__Exercise aim__: Pick out the lines in the listing below that contain the word "wood" and copy them.

##############################

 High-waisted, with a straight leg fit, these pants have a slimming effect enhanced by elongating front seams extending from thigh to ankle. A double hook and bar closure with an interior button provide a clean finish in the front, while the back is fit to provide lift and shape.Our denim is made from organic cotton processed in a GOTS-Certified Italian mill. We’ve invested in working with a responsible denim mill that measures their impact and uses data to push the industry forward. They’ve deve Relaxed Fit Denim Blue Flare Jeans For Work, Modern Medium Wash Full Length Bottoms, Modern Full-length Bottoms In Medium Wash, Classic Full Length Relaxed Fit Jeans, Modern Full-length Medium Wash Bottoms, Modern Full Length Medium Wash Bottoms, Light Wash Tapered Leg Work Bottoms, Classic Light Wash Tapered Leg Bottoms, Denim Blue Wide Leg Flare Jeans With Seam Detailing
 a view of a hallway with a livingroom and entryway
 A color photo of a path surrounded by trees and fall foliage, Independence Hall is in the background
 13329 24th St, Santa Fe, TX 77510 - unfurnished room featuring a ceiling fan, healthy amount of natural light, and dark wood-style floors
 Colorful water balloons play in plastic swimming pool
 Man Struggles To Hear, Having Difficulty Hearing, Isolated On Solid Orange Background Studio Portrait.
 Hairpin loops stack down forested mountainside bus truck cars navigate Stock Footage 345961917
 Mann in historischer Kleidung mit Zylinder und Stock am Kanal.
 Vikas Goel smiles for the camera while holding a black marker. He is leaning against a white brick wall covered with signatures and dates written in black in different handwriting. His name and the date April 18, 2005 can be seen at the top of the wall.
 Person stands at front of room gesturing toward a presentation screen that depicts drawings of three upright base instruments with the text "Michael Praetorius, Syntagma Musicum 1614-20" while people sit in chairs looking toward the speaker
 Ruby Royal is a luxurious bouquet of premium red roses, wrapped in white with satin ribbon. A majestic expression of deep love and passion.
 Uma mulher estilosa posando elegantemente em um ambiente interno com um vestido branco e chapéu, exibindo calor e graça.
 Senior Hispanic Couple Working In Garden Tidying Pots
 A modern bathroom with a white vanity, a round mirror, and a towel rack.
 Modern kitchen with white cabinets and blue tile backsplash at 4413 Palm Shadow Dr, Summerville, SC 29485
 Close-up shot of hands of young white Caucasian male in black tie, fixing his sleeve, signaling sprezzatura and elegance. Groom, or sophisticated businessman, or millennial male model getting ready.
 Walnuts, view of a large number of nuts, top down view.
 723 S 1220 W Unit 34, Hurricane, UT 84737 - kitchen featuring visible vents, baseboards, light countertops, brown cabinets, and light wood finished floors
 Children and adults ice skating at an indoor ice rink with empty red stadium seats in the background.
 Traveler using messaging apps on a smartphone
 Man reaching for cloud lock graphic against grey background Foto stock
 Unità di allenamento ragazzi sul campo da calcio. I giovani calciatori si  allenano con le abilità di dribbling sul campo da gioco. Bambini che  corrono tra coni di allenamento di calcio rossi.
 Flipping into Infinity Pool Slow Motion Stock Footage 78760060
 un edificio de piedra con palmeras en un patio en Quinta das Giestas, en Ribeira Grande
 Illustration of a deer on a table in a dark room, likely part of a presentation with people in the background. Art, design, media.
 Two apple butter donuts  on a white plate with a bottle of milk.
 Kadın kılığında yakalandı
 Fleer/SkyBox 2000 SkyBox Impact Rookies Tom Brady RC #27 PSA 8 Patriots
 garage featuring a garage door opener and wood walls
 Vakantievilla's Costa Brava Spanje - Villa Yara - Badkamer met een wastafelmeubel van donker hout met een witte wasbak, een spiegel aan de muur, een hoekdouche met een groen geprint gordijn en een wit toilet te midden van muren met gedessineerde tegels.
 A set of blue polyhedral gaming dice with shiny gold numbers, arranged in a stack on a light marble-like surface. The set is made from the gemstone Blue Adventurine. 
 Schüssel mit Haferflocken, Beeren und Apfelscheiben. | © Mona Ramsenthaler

##############################

__Expected answer__:
 13329 24th St, Santa Fe, TX 77510 - unfurnished room featuring a ceiling fan, healthy amount of natural light, and dark wood-style floors
 723 S 1220 W Unit 34, Hurricane, UT 84737 - kitchen featuring visible vents, baseboards, light countertops, brown cabinets, and light wood finished floors
 garage featuring a garage door opener and wood walls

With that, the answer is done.